═══ LISTED ENTRIES

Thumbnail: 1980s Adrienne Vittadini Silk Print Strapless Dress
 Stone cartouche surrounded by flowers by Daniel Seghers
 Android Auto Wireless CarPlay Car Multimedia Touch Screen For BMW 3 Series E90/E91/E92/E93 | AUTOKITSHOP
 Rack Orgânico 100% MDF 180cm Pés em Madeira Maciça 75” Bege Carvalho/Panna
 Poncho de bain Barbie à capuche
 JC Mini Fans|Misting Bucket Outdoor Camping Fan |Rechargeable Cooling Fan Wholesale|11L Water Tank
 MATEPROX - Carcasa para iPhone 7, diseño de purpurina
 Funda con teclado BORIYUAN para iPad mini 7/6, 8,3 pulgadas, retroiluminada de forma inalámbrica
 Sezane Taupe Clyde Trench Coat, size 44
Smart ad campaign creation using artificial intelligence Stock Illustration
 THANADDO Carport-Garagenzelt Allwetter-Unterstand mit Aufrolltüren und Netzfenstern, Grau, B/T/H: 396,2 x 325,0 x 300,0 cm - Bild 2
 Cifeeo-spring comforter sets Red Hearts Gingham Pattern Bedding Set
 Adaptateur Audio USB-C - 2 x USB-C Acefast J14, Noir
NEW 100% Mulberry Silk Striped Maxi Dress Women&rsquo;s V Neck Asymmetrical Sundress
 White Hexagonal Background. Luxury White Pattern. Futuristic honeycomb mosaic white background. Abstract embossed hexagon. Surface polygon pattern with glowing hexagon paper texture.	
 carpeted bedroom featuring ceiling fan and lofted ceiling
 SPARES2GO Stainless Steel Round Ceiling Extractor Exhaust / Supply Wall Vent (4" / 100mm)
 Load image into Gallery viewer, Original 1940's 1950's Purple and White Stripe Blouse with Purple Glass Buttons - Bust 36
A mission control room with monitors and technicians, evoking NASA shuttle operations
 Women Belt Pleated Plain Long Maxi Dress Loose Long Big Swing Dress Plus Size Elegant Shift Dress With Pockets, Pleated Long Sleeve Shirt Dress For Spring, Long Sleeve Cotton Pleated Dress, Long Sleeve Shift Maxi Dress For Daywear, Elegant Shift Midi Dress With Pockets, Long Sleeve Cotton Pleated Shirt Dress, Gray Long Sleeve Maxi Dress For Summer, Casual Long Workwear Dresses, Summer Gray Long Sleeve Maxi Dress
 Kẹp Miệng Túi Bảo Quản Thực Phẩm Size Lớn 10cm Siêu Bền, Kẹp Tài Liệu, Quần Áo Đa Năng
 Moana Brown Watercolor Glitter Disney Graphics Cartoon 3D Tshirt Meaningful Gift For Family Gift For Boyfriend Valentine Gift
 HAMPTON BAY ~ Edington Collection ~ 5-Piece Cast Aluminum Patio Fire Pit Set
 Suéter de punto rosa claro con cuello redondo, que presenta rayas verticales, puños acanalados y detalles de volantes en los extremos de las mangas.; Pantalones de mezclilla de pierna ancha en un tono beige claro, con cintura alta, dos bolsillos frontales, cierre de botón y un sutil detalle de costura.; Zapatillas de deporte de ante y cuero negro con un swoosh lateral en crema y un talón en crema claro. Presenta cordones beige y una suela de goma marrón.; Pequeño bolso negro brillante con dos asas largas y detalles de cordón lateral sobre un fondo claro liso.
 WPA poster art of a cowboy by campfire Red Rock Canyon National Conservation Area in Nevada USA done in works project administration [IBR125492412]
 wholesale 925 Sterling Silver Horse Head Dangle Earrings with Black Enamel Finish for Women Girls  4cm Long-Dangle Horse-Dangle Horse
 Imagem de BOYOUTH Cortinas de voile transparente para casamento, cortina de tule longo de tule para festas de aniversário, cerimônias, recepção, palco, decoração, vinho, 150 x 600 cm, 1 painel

══════

» EXERCISE GOAL
Pull out all lines from the entries above that include the word "Maxi".

» ANSWER FOR THE TASK
NEW 100% Mulberry Silk Striped Maxi Dress Women&rsquo;s V Neck Asymmetrical Sundress
 Women Belt Pleated Plain Long Maxi Dress Loose Long Big Swing Dress Plus Size Elegant Shift Dress With Pockets, Pleated Long Sleeve Shirt Dress For Spring, Long Sleeve Cotton Pleated Dress, Long Sleeve Shift Maxi Dress For Daywear, Elegant Shift Midi Dress With Pockets, Long Sleeve Cotton Pleated Shirt Dress, Gray Long Sleeve Maxi Dress For Summer, Casual Long Workwear Dresses, Summer Gray Long Sleeve Maxi Dress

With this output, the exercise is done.